19. Il résulte de tout ce qui précède que les requérantes sont seulement fondées à demander l'annulation de la décision implicite de la commission de recours contre les décisions de refus de visa d'entrée en France refusant de délivrer aux enfants E B et F B des visas d'entrée et de long séjour.

Sur les conclusions à fin d'injonction sous astreinte :

20. Eu égard à ses motifs, le présent jugement implique seulement mais nécessairement que des visas d'entrée et de long séjour soient délivrés aux enfants E B et F B. Par suite, il y a lieu d'enjoindre au ministre de l'intérieur et des outre-mer de faire délivrer à ces derniers les visas sollicités, dans un délai de deux mois à compter de sa notification. Il n'y a pas lieu, dans les circonstances de l'espèce, d'assortir cette injonction d'une astreinte.
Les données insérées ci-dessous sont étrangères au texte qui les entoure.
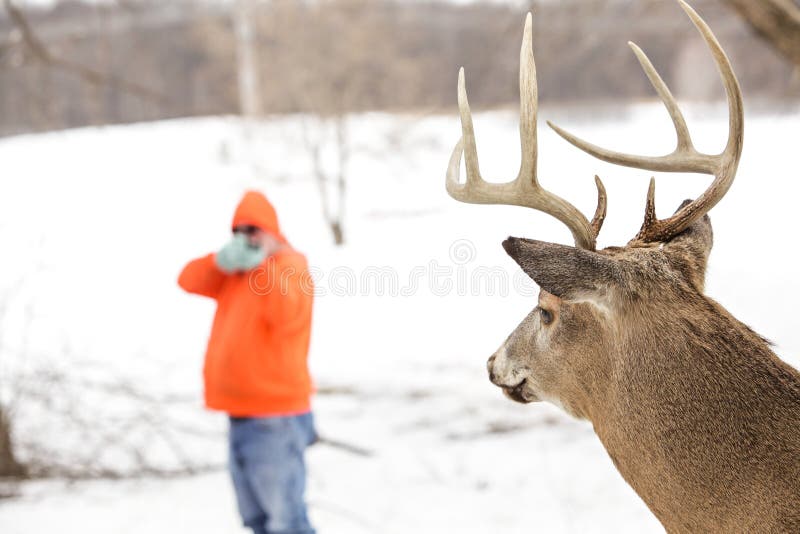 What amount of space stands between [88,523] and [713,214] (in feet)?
19.2

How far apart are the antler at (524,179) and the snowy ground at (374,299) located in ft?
7.16

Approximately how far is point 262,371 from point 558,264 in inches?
62.1


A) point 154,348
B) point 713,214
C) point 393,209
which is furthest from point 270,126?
point 713,214

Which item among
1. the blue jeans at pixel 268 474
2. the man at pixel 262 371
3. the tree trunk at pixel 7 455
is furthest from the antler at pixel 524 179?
the tree trunk at pixel 7 455

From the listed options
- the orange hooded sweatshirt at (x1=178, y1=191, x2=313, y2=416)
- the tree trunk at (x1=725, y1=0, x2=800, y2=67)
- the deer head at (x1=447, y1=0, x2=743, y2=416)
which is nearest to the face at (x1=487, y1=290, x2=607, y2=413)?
the deer head at (x1=447, y1=0, x2=743, y2=416)

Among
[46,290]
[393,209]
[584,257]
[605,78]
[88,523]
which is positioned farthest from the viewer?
[605,78]

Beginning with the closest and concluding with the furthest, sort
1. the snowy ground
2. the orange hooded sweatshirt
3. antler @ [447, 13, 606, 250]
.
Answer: antler @ [447, 13, 606, 250] → the orange hooded sweatshirt → the snowy ground

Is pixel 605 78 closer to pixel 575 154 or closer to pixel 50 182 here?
pixel 575 154

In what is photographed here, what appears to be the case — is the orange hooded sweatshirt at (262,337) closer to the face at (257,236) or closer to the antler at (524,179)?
the face at (257,236)

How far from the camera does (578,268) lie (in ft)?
5.30

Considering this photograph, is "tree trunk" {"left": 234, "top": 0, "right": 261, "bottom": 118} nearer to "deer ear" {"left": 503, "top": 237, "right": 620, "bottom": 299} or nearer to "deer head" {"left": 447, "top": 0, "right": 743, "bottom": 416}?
"deer head" {"left": 447, "top": 0, "right": 743, "bottom": 416}

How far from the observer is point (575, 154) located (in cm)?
845

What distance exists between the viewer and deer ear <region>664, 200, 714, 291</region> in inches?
71.8

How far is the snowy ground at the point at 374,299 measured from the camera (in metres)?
3.97
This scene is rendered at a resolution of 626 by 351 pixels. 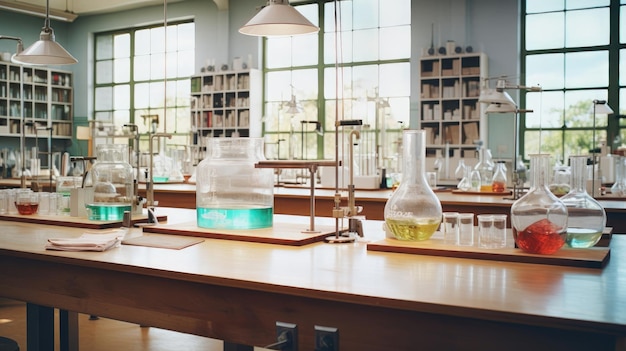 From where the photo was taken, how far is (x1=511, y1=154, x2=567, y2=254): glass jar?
1.48 metres

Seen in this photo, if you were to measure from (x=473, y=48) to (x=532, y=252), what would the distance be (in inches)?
288

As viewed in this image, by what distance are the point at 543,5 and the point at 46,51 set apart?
7.06m

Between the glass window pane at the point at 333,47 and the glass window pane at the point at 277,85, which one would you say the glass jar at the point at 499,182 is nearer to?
the glass window pane at the point at 333,47

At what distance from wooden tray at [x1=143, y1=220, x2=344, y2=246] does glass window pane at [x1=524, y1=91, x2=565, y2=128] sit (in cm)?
676

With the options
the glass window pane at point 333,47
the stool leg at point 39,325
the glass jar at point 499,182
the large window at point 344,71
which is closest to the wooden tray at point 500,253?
the stool leg at point 39,325

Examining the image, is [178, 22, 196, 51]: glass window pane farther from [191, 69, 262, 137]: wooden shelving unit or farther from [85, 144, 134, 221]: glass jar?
[85, 144, 134, 221]: glass jar

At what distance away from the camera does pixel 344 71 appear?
30.5ft

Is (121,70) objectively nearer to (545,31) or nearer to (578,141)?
(545,31)

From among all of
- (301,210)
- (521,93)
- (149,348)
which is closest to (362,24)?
(521,93)

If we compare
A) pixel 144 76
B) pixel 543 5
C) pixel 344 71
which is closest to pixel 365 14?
pixel 344 71

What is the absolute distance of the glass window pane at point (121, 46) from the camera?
1171 centimetres

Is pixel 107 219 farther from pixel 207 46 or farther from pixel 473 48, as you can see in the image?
pixel 207 46

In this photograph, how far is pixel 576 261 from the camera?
1432 mm

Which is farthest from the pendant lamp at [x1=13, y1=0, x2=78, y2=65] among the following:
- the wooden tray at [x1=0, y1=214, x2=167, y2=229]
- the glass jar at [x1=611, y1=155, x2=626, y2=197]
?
the glass jar at [x1=611, y1=155, x2=626, y2=197] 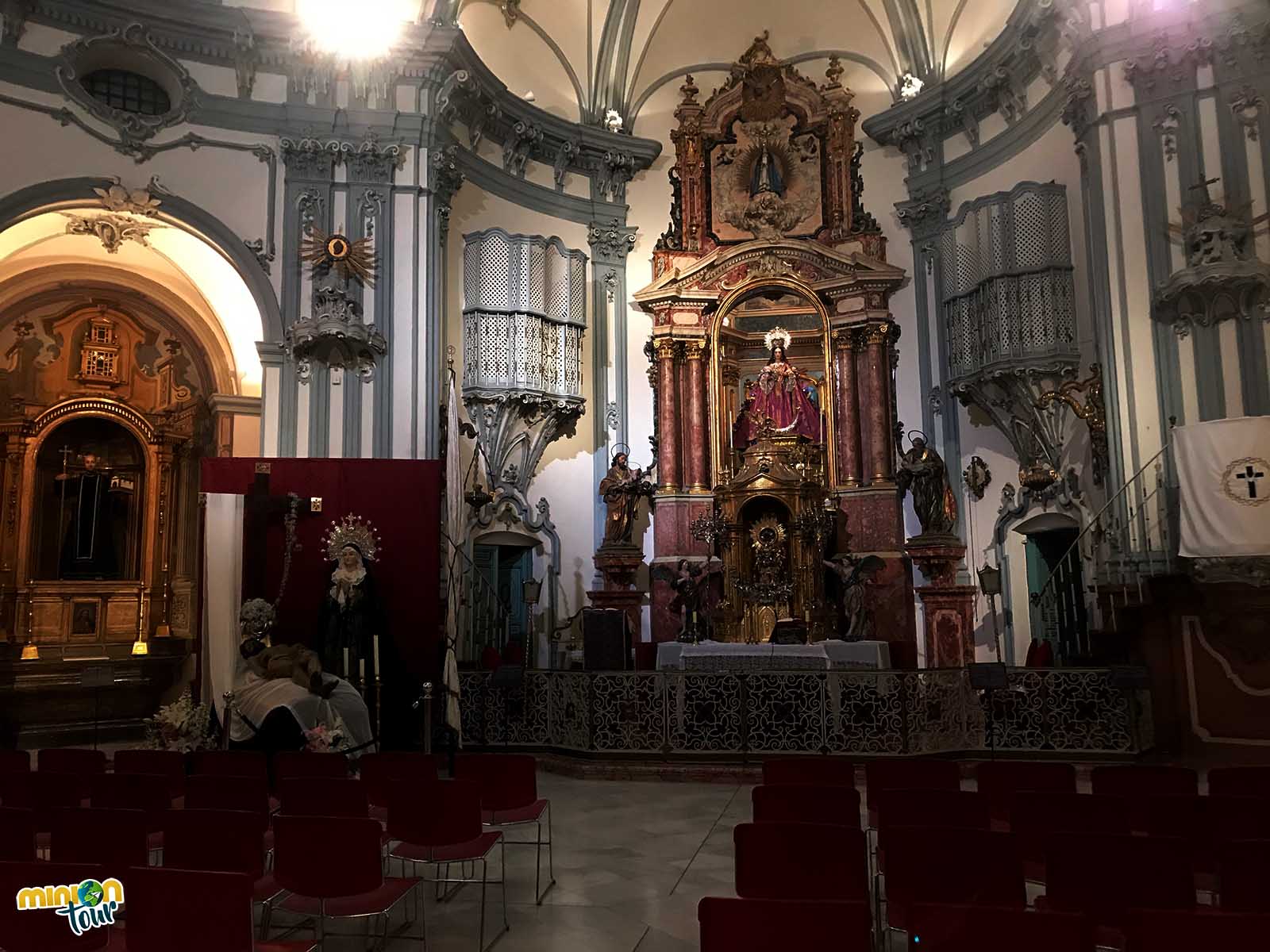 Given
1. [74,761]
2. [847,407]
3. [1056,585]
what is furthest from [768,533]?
[74,761]

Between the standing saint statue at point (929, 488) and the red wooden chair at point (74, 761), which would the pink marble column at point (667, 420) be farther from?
the red wooden chair at point (74, 761)

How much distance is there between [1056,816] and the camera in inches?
177

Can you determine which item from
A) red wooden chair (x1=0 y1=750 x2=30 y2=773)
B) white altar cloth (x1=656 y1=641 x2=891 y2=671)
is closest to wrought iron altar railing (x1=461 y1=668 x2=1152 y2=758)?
white altar cloth (x1=656 y1=641 x2=891 y2=671)

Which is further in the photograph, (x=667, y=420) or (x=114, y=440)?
(x=667, y=420)

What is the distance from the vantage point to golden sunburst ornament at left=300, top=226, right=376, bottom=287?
1283 cm

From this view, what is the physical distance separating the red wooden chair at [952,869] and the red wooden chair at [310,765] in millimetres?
3338

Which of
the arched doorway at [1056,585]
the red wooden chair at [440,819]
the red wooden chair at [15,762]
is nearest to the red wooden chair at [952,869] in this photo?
the red wooden chair at [440,819]

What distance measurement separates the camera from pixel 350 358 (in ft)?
42.2

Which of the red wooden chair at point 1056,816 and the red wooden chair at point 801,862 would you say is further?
the red wooden chair at point 1056,816

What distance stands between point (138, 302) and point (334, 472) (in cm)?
630

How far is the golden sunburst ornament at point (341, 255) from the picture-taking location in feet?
42.1

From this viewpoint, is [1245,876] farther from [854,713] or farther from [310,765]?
[854,713]

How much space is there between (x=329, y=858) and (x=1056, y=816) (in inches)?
126

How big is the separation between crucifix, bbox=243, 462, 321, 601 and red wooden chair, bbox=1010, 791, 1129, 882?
871 cm
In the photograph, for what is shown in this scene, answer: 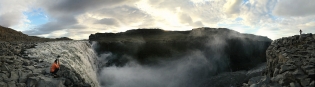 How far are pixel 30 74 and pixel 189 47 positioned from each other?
51.7m

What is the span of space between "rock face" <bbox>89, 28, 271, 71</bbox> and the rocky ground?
1288 inches

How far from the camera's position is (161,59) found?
6119cm

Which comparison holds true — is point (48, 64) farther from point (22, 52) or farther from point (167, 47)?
point (167, 47)

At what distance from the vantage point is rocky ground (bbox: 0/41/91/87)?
15.3m

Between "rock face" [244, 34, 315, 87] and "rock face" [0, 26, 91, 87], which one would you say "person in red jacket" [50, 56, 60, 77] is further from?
"rock face" [244, 34, 315, 87]

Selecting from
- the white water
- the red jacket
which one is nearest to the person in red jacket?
the red jacket

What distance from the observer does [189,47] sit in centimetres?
6544

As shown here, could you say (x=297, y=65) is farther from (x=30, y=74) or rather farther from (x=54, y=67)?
(x=30, y=74)

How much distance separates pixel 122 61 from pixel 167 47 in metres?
13.9

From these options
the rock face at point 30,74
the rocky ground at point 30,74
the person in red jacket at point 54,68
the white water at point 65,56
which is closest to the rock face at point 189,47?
the white water at point 65,56

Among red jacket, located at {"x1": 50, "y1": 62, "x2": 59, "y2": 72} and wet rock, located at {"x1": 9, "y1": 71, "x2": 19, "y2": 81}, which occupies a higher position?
red jacket, located at {"x1": 50, "y1": 62, "x2": 59, "y2": 72}

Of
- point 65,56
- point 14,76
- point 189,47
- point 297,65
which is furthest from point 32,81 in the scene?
point 189,47

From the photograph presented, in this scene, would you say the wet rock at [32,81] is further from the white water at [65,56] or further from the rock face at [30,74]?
the white water at [65,56]

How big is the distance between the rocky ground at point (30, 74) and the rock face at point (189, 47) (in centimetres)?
3273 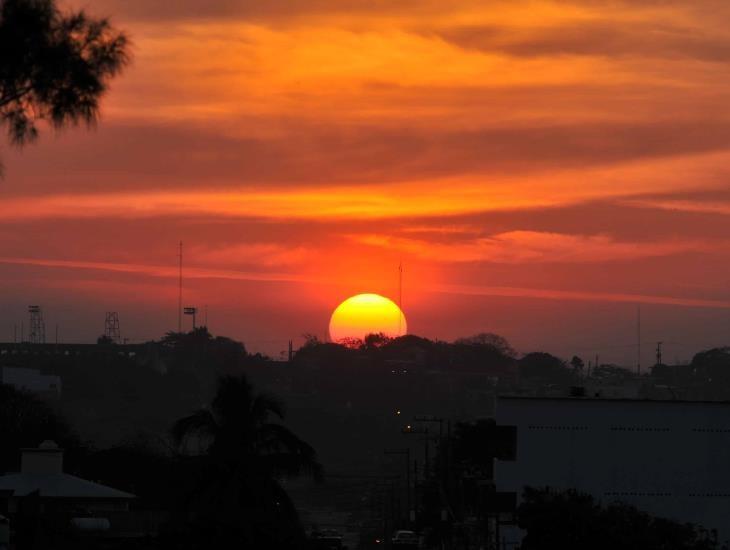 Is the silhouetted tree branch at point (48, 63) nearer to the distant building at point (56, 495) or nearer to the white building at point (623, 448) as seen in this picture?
the distant building at point (56, 495)

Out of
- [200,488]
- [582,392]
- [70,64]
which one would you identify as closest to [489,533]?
[582,392]

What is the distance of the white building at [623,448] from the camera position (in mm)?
66125

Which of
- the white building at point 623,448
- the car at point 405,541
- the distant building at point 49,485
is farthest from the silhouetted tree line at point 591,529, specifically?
the car at point 405,541

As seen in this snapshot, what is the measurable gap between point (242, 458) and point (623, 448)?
19238 mm

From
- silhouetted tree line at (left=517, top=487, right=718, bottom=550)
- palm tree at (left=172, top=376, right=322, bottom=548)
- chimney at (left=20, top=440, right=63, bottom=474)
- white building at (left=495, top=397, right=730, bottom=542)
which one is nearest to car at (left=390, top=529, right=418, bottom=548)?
white building at (left=495, top=397, right=730, bottom=542)

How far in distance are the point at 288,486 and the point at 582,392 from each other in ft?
361

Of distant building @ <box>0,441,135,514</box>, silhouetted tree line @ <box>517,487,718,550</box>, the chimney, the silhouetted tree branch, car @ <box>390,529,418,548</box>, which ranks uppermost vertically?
the silhouetted tree branch

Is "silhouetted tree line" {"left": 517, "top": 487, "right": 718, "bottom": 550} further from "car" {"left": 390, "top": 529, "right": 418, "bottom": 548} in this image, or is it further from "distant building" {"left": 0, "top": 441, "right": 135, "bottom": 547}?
"car" {"left": 390, "top": 529, "right": 418, "bottom": 548}

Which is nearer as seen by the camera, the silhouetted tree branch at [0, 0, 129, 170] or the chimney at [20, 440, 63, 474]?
the silhouetted tree branch at [0, 0, 129, 170]

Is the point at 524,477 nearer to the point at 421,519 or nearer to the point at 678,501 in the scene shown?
the point at 678,501

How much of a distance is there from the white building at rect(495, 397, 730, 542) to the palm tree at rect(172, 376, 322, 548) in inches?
544

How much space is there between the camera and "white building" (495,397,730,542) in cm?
6612

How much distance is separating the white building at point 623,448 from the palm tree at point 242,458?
45.3ft

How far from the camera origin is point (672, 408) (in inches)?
2643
Sur les frais d'instance :

21. Mme G a obtenu le bénéfice de l'aide juridictionnelle totale. Ainsi, son avocate peut se prévaloir des dispositions de l'article 37 de la loi du 10 juillet 1991. Il y a lieu, dans les circonstances de l'espèce, de mettre à la charge de l'État la somme de 1 200 euros à verser à Me Régent, sous réserve que celle-ci renonce au versement de la part contributive de l'Etat.

D E C I D E :

Article 1er : La décision de la commission de recours contre les décisions de refus de visa d'entrée en France refusant implicitement de délivrer aux enfants E B et F B des visas de long séjour au titre de la réunification familiale est annulée.

Article 2 : Il est enjoint au ministre de l'intérieur et des outre-mer de faire délivrer des visas d'entrée et de long séjour à E B et à F B dans un délai de deux mois à compter de la notification du présent jugement.

Article 3 : L'Etat versera à Me Régent la somme de 1 200 (mille deux cents) euros en application des dispositions de l'article L. 761-1 du code de justice administrative et du deuxième alinéa de l'article 37 de la loi du 10 juillet 1991, sous réserve que Me Régent renonce à percevoir la somme correspondant à la part contributive de l'État.

Article 4 : Le surplus des conclusions de la requête est rejeté.

Article 5 : Le présent jugement sera notifié à Mme D G, à Mme C H, au ministre de l'intérieur et des outre-mer et à Me Régent.

Délibéré après l'audience du 29 janvier 2024, à laquelle siégeaient :

Mme Le Barbier, présidente,

M. Tavernier, conseiller,

M. Templier, conseiller.

Rendu public par mise à disposition au greffe le 19 février 2024.

Le rapporteur,

P. TEMPLIER

La présidente,

M. LE BARBIERLa greffière,

S. JEGO

La République mande et ordonne au ministre de l'intérieur et des outre-mer en ce qui le concerne ou à tous commissaires de justice à ce requis en ce qui concerne les voies de droit commun contre les parties privées, de pourvoir à l'exécution de la présente décision.